Collected material:
____

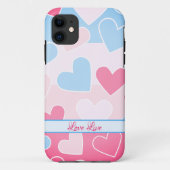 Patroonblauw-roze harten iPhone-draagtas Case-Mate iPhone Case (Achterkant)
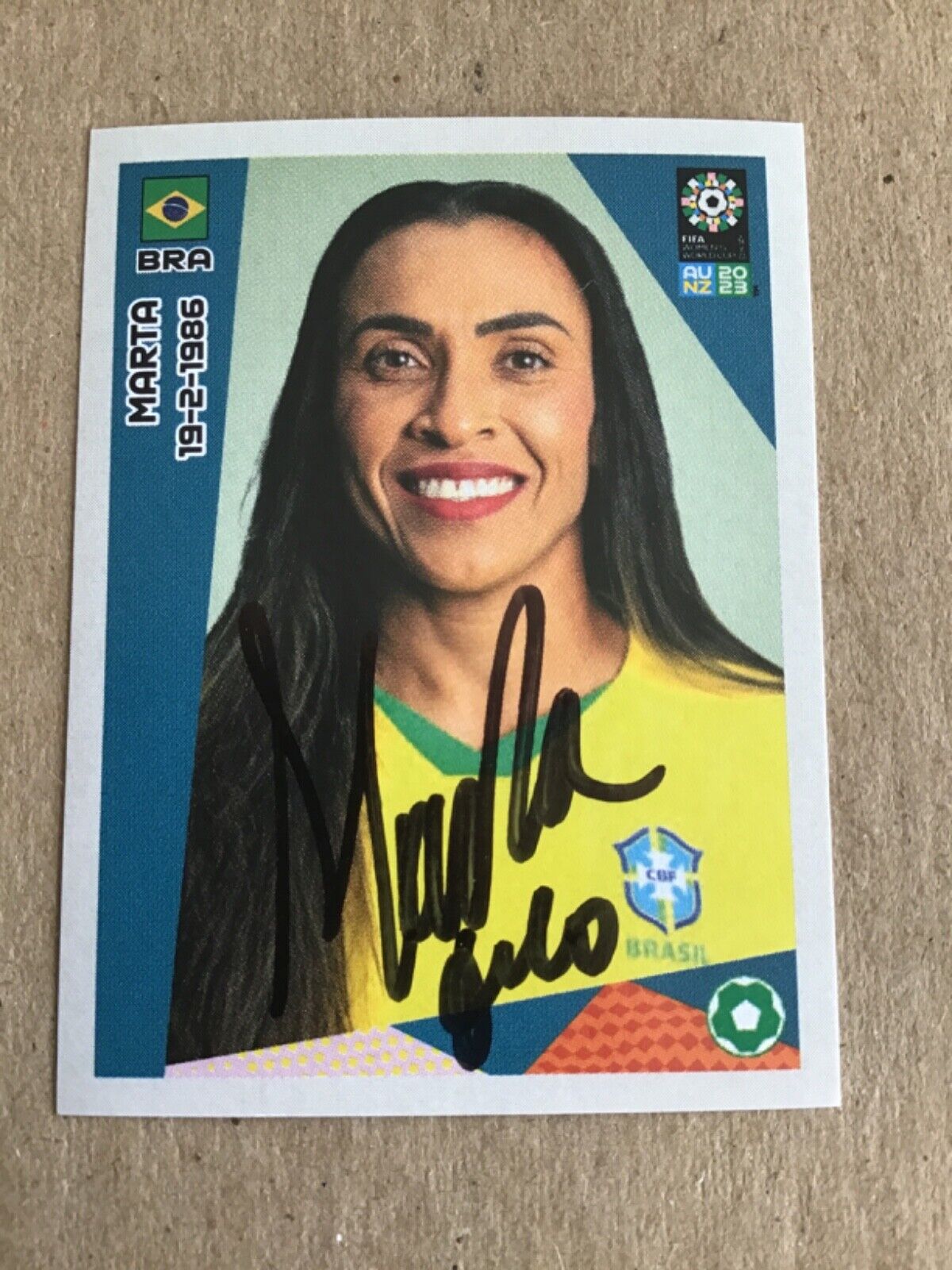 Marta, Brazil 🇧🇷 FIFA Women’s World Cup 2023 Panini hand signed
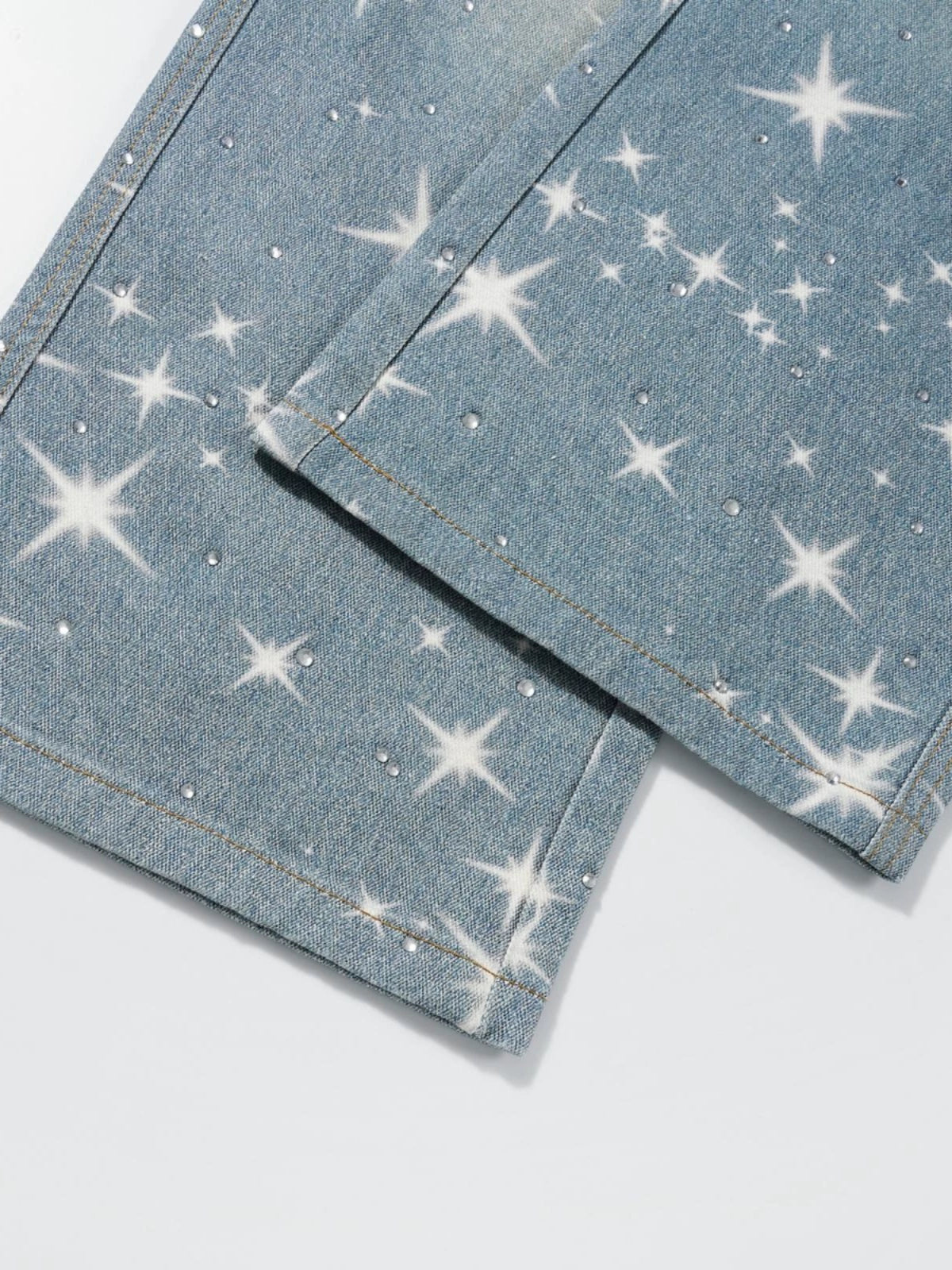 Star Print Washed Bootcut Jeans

____

Assignment: Copy exactly the lines running from the line with "Marta, Brazil 🇧🇷" to the final line of the listing, keeping both ends and dropping any picture.

Written response:
 Marta, Brazil 🇧🇷 FIFA Women’s World Cup 2023 Panini hand signed
 Star Print Washed Bootcut Jeans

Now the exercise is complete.